We will first dissolve our airport polygon layer as we do not want to create multiple buffer for scenarios like this where there are 3 different polygons representing 1 airport

Go to Vector → Geoprocessing Tools → Dissolve
- For the input layer, we will select Airport

Click on run
We will have a layer called ‘Dissolved’. Save it to the Geopackage and rename it as AirportDissolved
Next, we want to create a buffer zone of 3.5km to airport for our accessibility to airport
According to our research, a buffer zone of 3.5km from the airport zone will be used so as to minimize noise pollution in our proposed capital site.
Using the AirportDissolved layer, we will create a 3.5km buffer
Go to Vector > Geoprocessing tools > Buffer
- For the input layer, we will select AirportDissolved
- Distance will be 3500 meters or 3.5 kilometers is also acceptable
- Segments we will change to 100
- End cap style and Join style will be Round and Miter limit will be default at 2

Click on Run
A new layer called buffer will be created
Save it to our Geopackage as AirportBuffer

4.3 Hotspot heatmap

From the top menu bar, select Processing → Toolbox → search for kernel density
Select Heatmap (Kernel Density Estimation)

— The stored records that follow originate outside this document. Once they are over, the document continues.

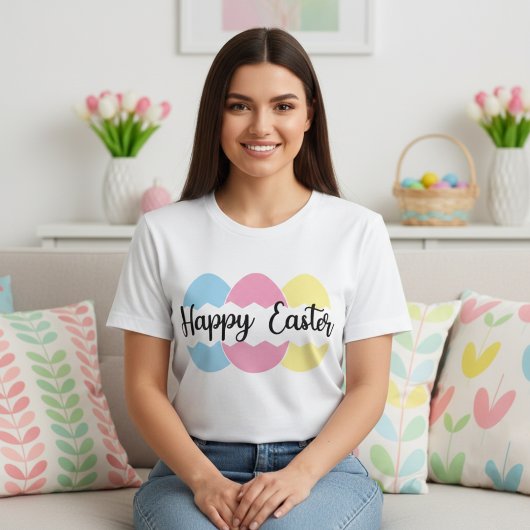 Colorful Pastel Eggs Happy Paast T-shirt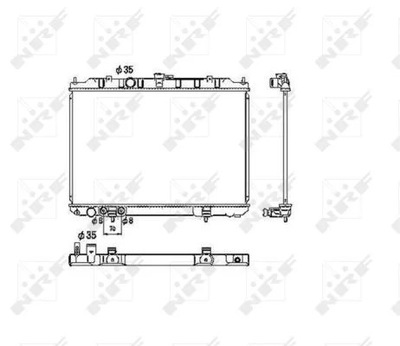 53453 РАДІАТОР ВОДИ NISSAN X-TRAIL 2.0 01-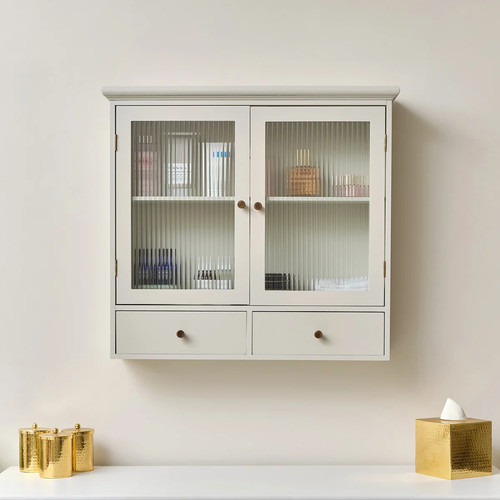 Pale taupe reeded glass - pale,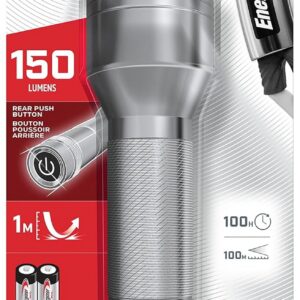 Energizer Lampe Torche LED, 100 Lumens Idéale pour Bricolage, Longue Autonomie, Piles Incluses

In the Heatmap dialog window:

Point layer: hotspots_merged
Radius will be 15000 meters
X and Y size pixels = 100

Click on Run and close the dialogue box.
Save this into the GeoPackage as hotspots_heatmap.

We will now change the symbology of this layer to better visualise it.

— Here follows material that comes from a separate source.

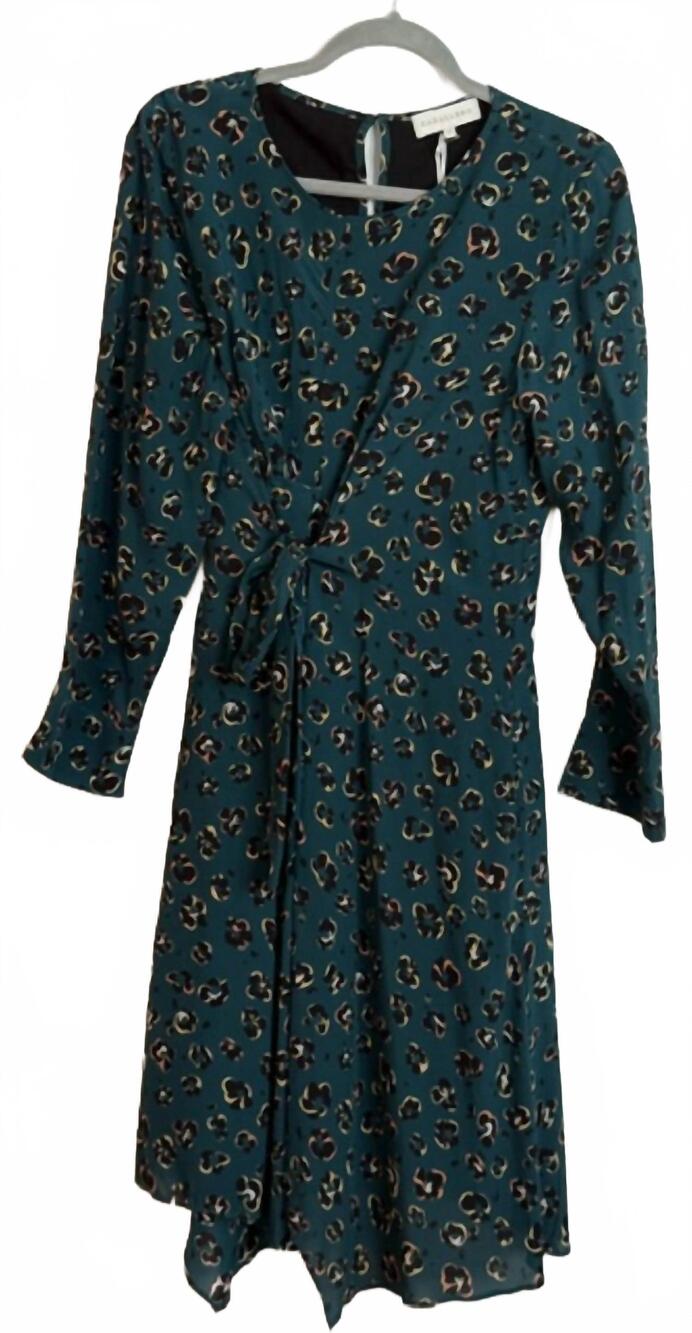 NEW CABALLERO women's cecile dress in green pansy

Right click on the layer and click on Properties → Symbology
Render Type: Singleband Pseudocolour
Colour Ramp: Red

The map should look like the image below:

5.0 Raster, proximity and slope

5.1 Extracting raster data

Import the DEM SRTM 30M KALIMANTAN TIMUR layer.
From the menu bar, select Raster → Extraction → Clip Raster by Extent.
For Input layer, select DEM SRTM 30M KALIMANTAN TIMUR from the drop-down list.
For Clipping extent, click on the icon at the end of the option then select Calculate from Layer.
Select east_kalimantan from the drop-down list.

Click on Run
Geopackage the clipped raster
Make sure to change Format to Geopackage in the drop down list.
For Layer name, call it DEM.
Under extent, click on the drop down list Calculate from Layer and Select east_kalimantan.
Set resolution of 30m by 30m

When we are ready, click on OK

5.2 Creating attribute field for rastering

At the Layers panel, click on connectingRoads
From the icon bar, click on the Open Attribute Table icon and click on Open field calculator
For Output field name, type POI_CODE
At the Expression pane, type 1

Click on the OK button to run the function.
A column called POI_CODE will be created.

5.3 Rastering the layers

From the menu bar, select Raster → Conversion → Rasterise (Vector to Raster)
For Input layer, select roads_merged from the drop-down list.
For Field to use for a burn-in value, select POI_CODE from the drop-down list.
For Output raster size units, select Georeferenced units.
Keep both horizontal and vertical resolutions at 100 (meaning 100m by 100m resolution).
For Output extent, click on Calculate from Layer
Select DEM from the drop-down list.

Click on the Run button.
A temporary layer will be created.
Geopackage the layer and call it connectingRoads_rasterized

Repeat for the rest of the dataset giving the names to each of the layers as shown below:

Layer to be rasterized	Final Layer Name
disaster_merged (Note that this layer is formed by merging the river and coastline layers)	disaster_rasterized
forest	forest_rasterized
seaport	seaport_rasterized
connectingRoads	connectingRoads_rasterized
AirportBuffer	airport_rasterized
settlements	settlement_rasterized

5.4 Proximity calculation

For the menu bar, select Raster → Analysis → Proximity (Raster Distance).
For Input layer, select roads_rasterized from the drop-down list.
For Distance units, select Georeferenced coordinates from the drop-down list.
For Output data type, select Float32 from the drop-down list.

Click on the Run button.
Geopackage the layer and name it connectingRoads_proximity

Repeat for the rest of the dataset giving the names to each of the layers as shown below:

Layer to do proximity	Final Layer Name
disaster_rasterized	disaster_proximity
forest_rasterized	forest_proximity
seaport_rasterized	seaport_proximity
connectingRoads_rasterized	connectingRoads_proximity
airport_rasterized	airport_proximity
settlement_rasterized	settlement_proximity

5.5 Slope calculation

From the menu bar, select Raster → Analysis → Slope.
For Input layer, select DEM_new from the drop-down list.
Click on the Run button and Close the dialogue window.
A temporary layer called Slope will be added.
Set the resolution to 30m by 30m resolution.
Geopackage layer and name it slope30by30

To ensure that our slope layer only covers the study area and not the sea boundaries, we will create a dissolve vector layer for the study area.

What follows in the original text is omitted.